寄附講座

再生誘導医学

再生誘導医学~生体内における幹細胞維持メカニズムの解明と医療への応用
  • 阪大発、世界初の体内再生誘導医薬開発
  • 骨髄間葉系幹細胞の生体内での役割は何か?
  • 組織幹細胞はどうやってその集団を維持しているのか?
  • 組織損傷時の組織幹細胞活性化メカニズムは?

 

 

「組織幹細胞と損傷組織のクロストーク」を基盤とする体内再生誘導医学領域の開拓

生体内の各組織の構造と機能は、その組織内に局在する組織幹細胞により維持されています。それ故、組織障害時にはその障害領域に局在していた組織幹細胞も欠損するため、組織は機能的に再生することが出来なくなり、結果として線維性瘢痕組織で置換されて著しい機能障害に陥ってしまいます。この事実は、障害部位に組織幹細胞を回復させる医療が非瘢痕性機能的組織再生を誘導できる可能性を示唆し、現在精力的に進められている、幹細胞移植を主体とした再生医療の論理的背景にもなっています。一方私たちは、遺伝性水疱性皮膚疾患「表皮水疱症」における皮膚再生メカニズム研究の過程で、壊死表皮組織から放出される核内クロマチンタンパク質HMGB1の血中濃度が上昇すると末梢循環性間葉系幹細胞が増加し、壊死組織周囲への集積が促進される結果、機能的組織再生が促進されることを世界で初めて見出しました。

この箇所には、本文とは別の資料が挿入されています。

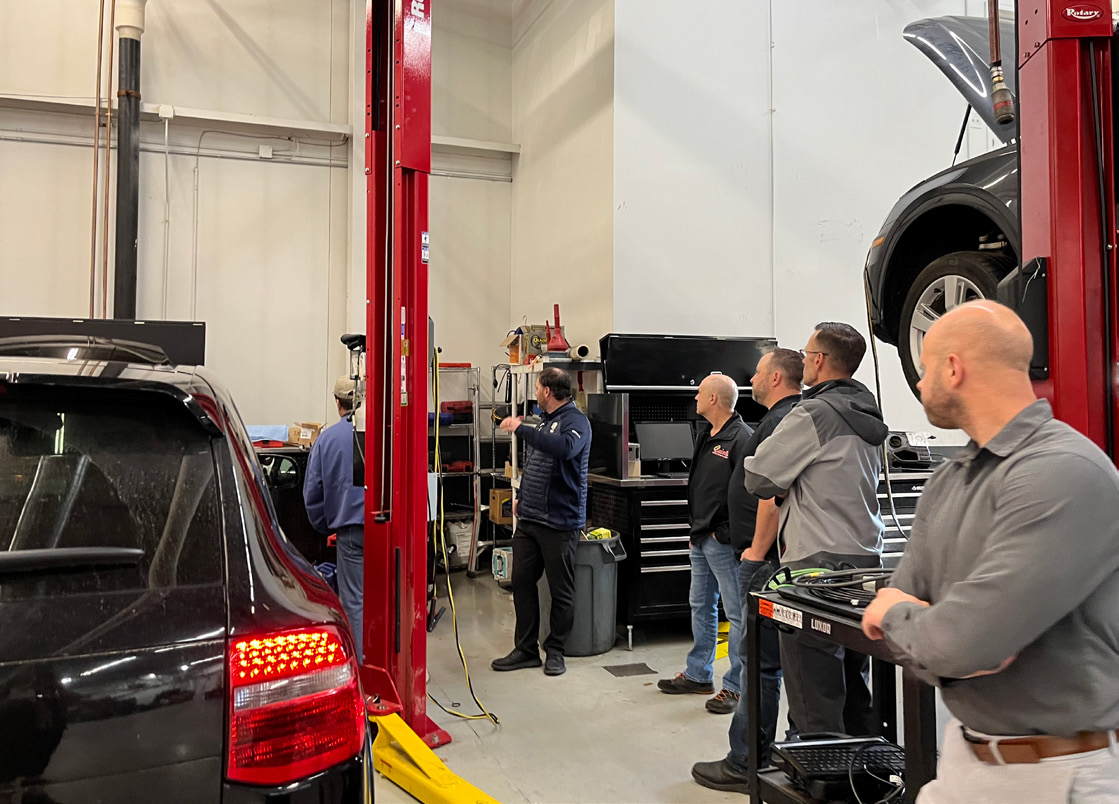 Group of men in a garage looking at a car on a lift; one points at something.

表皮水疱症マウスの皮膚再生過程における骨髄由来間葉系幹細胞の寄与。緑色蛍光を示す細胞が骨髄由来間葉系幹細胞による皮膚再生を示す。

HMGB1は、正常組織では細胞核内でDNAと結合することによりクロマチン構造を制御して遺伝子発現を調節するシャペロンタンパク質として機能する一方、壊死組織では細胞外に放出されると自然免疫を活性化して好中球およびマクロファージの壊死組織への集積を誘導し、壊死組織除去を促進させることが知られていました。我々の研究結果と併せてみた場合、HMGB1は核内、組織内、生体内の3つの異なる階層で生体組織の恒常性を維持している極めて重要なタンパク質であることが判ります。

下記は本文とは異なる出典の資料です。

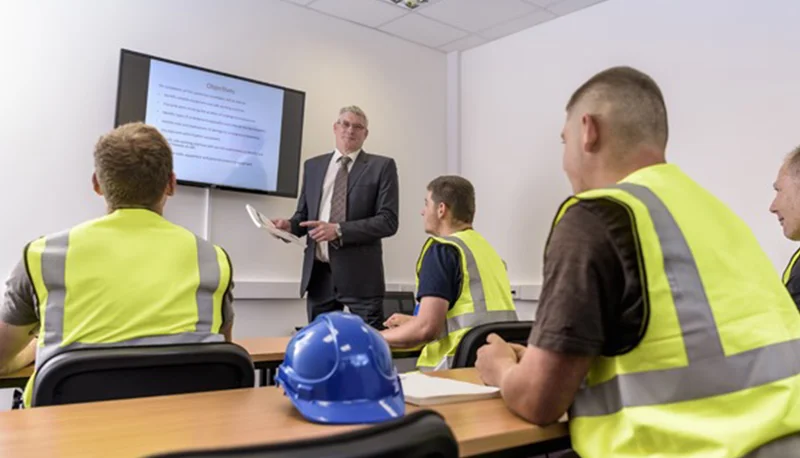 A trainer presents course objectives on a screen to workers in hi-vis vests in a classroom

現在私たちは、HMGB1の末梢循環性間葉系幹細胞活性化による生体内組織再生誘導メカニズムに関わる分子基盤解明を目的とした基礎研究を精力的に進めるとともに、骨髄間葉系幹細胞以外の組織幹細胞とHMGB1の相互作用について、さらにはHMGB1と同様に体内再生誘導機能を担う新たな生体内物質の探索を進めています。

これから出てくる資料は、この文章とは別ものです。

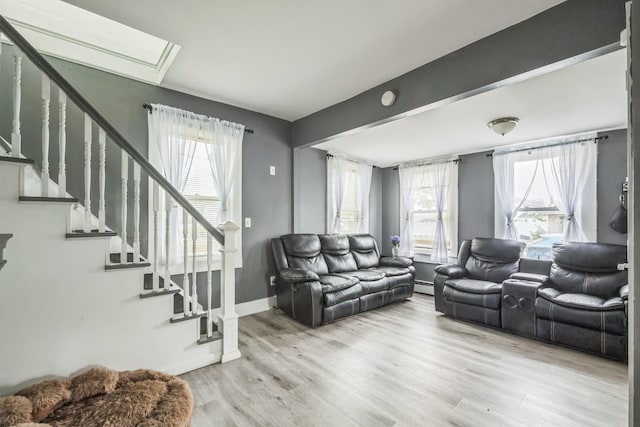 253 N 3rd Ave, Bay Shore, NY 11706 - living room featuring stairway, wood finished floors, baseboards, and a skylight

また基礎研究から得た知見を、HMGB1の間葉系幹細胞活性化ドメインペプチドを利用して、間葉系幹細胞血中増加剤の開発を進めています。骨髄間葉系幹細胞を静脈内に投与する再生医療の有効性が確認されている疾患、例えば脳梗塞や心筋梗塞、GVHDは、HMGB1ペプチドの全身投与による末梢循環間葉系幹細胞増加効果が同様に有効であると予想します。

私たちは、生体内組織幹細胞維持・活性化メカニズム解明のための再生誘導医学研究を発展させることを目指しています。興味のある方のご参加を心から歓迎いたします。